Short descriptive text snippets

'''

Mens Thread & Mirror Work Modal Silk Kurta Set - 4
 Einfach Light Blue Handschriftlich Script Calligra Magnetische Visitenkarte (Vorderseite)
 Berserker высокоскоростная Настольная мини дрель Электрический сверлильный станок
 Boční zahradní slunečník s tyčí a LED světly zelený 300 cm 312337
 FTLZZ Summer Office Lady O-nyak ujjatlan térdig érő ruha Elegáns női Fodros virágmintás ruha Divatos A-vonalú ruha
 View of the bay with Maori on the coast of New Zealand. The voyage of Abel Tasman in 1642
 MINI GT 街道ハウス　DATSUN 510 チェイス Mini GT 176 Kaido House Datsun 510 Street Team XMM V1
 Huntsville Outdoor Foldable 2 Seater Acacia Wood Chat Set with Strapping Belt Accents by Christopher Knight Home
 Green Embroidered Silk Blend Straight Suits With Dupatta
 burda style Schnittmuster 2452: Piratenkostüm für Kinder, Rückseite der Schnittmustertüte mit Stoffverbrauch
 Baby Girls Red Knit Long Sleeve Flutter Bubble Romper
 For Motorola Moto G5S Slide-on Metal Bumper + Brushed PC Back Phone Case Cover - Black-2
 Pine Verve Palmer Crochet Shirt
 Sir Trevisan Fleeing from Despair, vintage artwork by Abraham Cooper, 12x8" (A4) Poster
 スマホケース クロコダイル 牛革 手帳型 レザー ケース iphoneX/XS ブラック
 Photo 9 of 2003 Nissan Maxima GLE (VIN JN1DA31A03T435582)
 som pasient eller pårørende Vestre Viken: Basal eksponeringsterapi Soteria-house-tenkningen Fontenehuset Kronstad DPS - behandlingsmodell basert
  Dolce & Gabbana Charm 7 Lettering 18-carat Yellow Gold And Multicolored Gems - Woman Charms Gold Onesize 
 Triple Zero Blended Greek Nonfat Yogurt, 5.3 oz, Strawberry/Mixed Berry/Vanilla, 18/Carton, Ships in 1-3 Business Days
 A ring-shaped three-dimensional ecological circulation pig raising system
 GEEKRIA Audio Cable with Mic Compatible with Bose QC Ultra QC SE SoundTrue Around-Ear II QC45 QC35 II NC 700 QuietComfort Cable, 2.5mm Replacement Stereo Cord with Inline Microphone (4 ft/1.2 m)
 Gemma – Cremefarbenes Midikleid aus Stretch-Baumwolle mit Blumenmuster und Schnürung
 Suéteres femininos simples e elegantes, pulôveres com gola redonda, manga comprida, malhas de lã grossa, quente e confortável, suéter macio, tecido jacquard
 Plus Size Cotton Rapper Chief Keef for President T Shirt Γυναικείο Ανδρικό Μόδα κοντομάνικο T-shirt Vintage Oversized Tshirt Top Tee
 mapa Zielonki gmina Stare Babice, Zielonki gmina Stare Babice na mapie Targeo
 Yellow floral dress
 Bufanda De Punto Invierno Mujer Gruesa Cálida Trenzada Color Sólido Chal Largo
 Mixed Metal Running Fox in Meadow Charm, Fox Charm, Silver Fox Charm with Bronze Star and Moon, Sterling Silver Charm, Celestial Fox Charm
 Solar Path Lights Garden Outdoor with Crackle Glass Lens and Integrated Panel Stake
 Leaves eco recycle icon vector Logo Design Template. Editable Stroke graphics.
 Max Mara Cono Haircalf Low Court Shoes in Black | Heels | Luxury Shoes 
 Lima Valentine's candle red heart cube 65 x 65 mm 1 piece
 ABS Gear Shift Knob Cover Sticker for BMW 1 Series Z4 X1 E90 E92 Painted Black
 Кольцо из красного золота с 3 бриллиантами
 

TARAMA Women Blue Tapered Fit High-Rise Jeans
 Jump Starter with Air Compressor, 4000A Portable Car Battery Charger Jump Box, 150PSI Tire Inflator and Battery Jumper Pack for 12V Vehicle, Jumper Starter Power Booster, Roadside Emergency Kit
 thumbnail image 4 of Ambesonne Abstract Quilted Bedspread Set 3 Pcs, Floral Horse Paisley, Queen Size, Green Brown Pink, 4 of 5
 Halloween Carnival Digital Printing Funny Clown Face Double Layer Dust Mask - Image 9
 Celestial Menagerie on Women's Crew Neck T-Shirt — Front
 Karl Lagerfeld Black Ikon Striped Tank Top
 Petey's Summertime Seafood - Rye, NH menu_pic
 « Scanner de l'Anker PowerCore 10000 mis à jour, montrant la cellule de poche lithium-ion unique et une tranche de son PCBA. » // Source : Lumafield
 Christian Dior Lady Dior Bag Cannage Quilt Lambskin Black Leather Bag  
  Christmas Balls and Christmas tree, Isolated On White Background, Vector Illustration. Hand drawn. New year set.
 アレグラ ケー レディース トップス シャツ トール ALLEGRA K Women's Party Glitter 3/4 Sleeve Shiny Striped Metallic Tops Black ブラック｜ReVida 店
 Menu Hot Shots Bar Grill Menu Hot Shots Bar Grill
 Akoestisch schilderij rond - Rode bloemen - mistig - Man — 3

'''

*Problem to work on*
In the records above, the line with "View of the" marks the start and the line with "Yellow floral dress" marks the end; copy that stretch exactly, both lines included, and nothing else.

*Solution to the exercise*
 View of the bay with Maori on the coast of New Zealand. The voyage of Abel Tasman in 1642
 MINI GT 街道ハウス　DATSUN 510 チェイス Mini GT 176 Kaido House Datsun 510 Street Team XMM V1
 Huntsville Outdoor Foldable 2 Seater Acacia Wood Chat Set with Strapping Belt Accents by Christopher Knight Home
 Green Embroidered Silk Blend Straight Suits With Dupatta
 burda style Schnittmuster 2452: Piratenkostüm für Kinder, Rückseite der Schnittmustertüte mit Stoffverbrauch
 Baby Girls Red Knit Long Sleeve Flutter Bubble Romper
 For Motorola Moto G5S Slide-on Metal Bumper + Brushed PC Back Phone Case Cover - Black-2
 Pine Verve Palmer Crochet Shirt
 Sir Trevisan Fleeing from Despair, vintage artwork by Abraham Cooper, 12x8" (A4) Poster
 スマホケース クロコダイル 牛革 手帳型 レザー ケース iphoneX/XS ブラック
 Photo 9 of 2003 Nissan Maxima GLE (VIN JN1DA31A03T435582)
 som pasient eller pårørende Vestre Viken: Basal eksponeringsterapi Soteria-house-tenkningen Fontenehuset Kronstad DPS - behandlingsmodell basert
  Dolce & Gabbana Charm 7 Lettering 18-carat Yellow Gold And Multicolored Gems - Woman Charms Gold Onesize 
 Triple Zero Blended Greek Nonfat Yogurt, 5.3 oz, Strawberry/Mixed Berry/Vanilla, 18/Carton, Ships in 1-3 Business Days
 A ring-shaped three-dimensional ecological circulation pig raising system
 GEEKRIA Audio Cable with Mic Compatible with Bose QC Ultra QC SE SoundTrue Around-Ear II QC45 QC35 II NC 700 QuietComfort Cable, 2.5mm Replacement Stereo Cord with Inline Microphone (4 ft/1.2 m)
 Gemma – Cremefarbenes Midikleid aus Stretch-Baumwolle mit Blumenmuster und Schnürung
 Suéteres femininos simples e elegantes, pulôveres com gola redonda, manga comprida, malhas de lã grossa, quente e confortável, suéter macio, tecido jacquard
 Plus Size Cotton Rapper Chief Keef for President T Shirt Γυναικείο Ανδρικό Μόδα κοντομάνικο T-shirt Vintage Oversized Tshirt Top Tee
 mapa Zielonki gmina Stare Babice, Zielonki gmina Stare Babice na mapie Targeo
 Yellow floral dress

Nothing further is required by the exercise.